The short answer here is two-fold: Firstly, ours is a culture that expects - if not outright demands - the expression of individualistic thought and opinion. The American tendency towards speaking our mind is so universal and ingrained in our culture that we all feel compelled to reflect, speculate and opine on all manner of events, regardless of our qualification or interest.
Paradoxically, though, we find that everyday, routine consumer behavior - how we live, shop and use products every day - is itself much too ingrained and habituated to adjust markedly to anything as ephemeral as value shifts or changing beliefs. Even though we are a nation obsessed with talking about our values and beliefs - especially how we plan to change our lives because of our values and belief - such talk really has little chance of ever changing actual behavior. Among other things, this helps explain the peculiar truism that despite all of the public dialogue surrounding obesity - the admonitions, the education and instruction - we appear to be getting fatter.
In truth, short of a robust set of powerful shocks to our institutional framework, we would rarely, if ever, expect changing consumer sentiment to express itself directly in terms of everyday, routine behavior.
Among many observers of the 9/11 events, we noticed a consistent tendency to draw comparisons between 9/11 and the events surrounding Pearl Harbor in 1941. And although we are in no position to adjudicate between the importance, severity or impact of the two events, we do know that Pearl Harbor had a much more profound impact on consumer behavior precisely because it altered critical features of daily life in a way that 9/11 simply did not.

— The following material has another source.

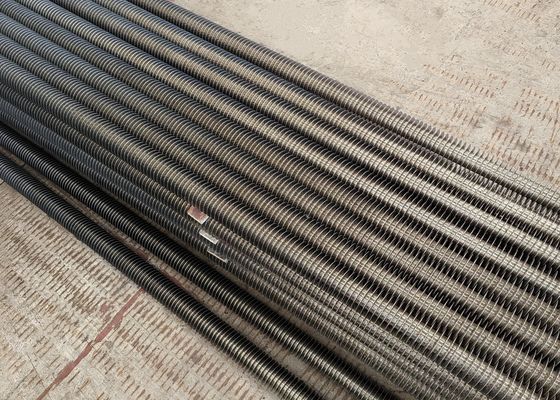 ASME Standart Yüksek Frekanslı Kaynatılmış Spiral Fin Tüp Yüksek Sıcaklığa ve Basınça Dirençli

Because of Pearl Harbor, food eventually became rationed, husbands and wives left jobs (or their caretaker roles) to work in wartime factories and vast numbers of young people entered military service. These were critically important institutional shocks that altered the nature of everyday life for years to come - and, by extension, consumer habits. Those same shocks simply haven't materialized for the American public in the years following the 9/11 tragedy.
We may feel differently. We may think differently. Heck, we may even feel a need to feel like we should behave or act differently. But at the end of the day, life for most consumers continues in remarkably the same manner as it did pre-9/11. Consider the following two answers to the question, "Is your life different today because of September 11?", collected by National Public Radio.

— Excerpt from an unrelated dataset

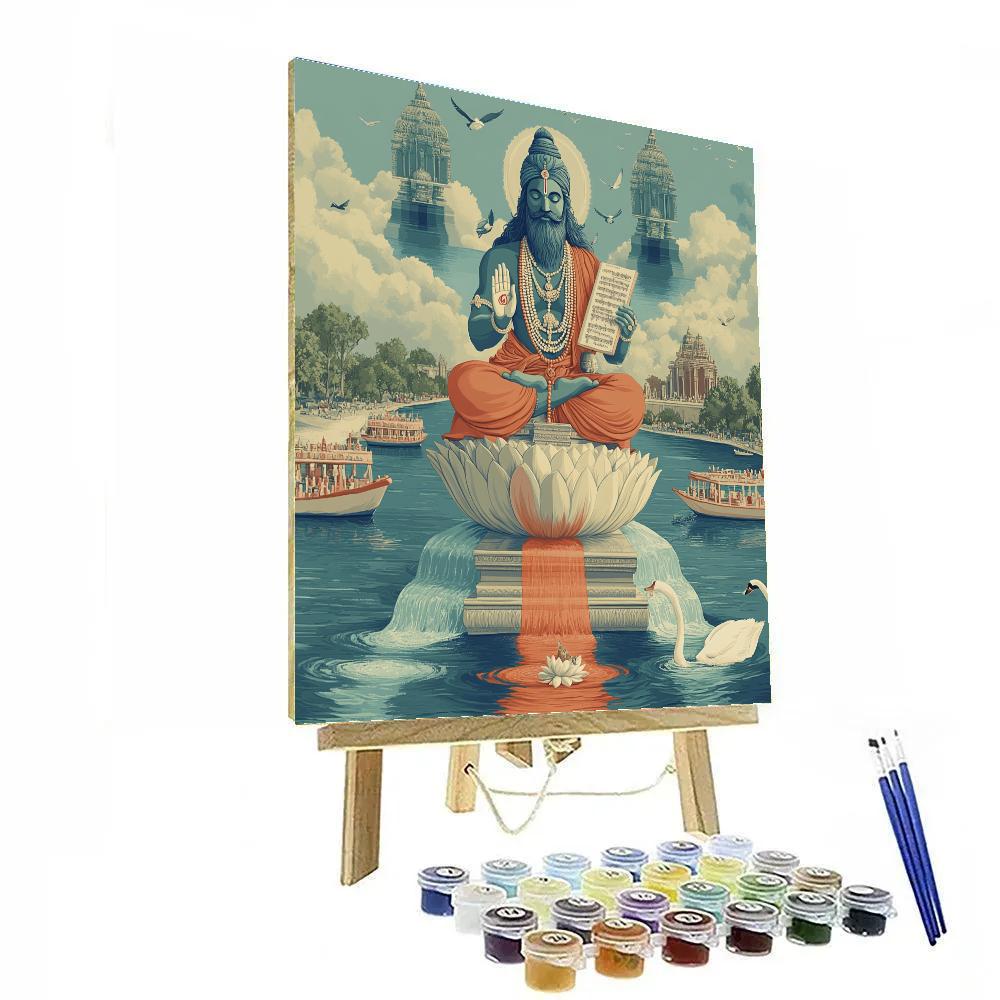 Brahma At The Four River Confluence paint by number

"Yes. No one who saw the images of the destruction of September 11th could remain unchanged from before. But I wish it was possible to choose both "yes" and "no" because in many ways my life is not really any different from before."
We believe these responses most accurately characterize the true state of the post-9/11 world from a consumer behavior perspective. This is why studying culture and immersing ourselves with the consumer is so critically important and provides far more depth of understanding than relying on survey data alone.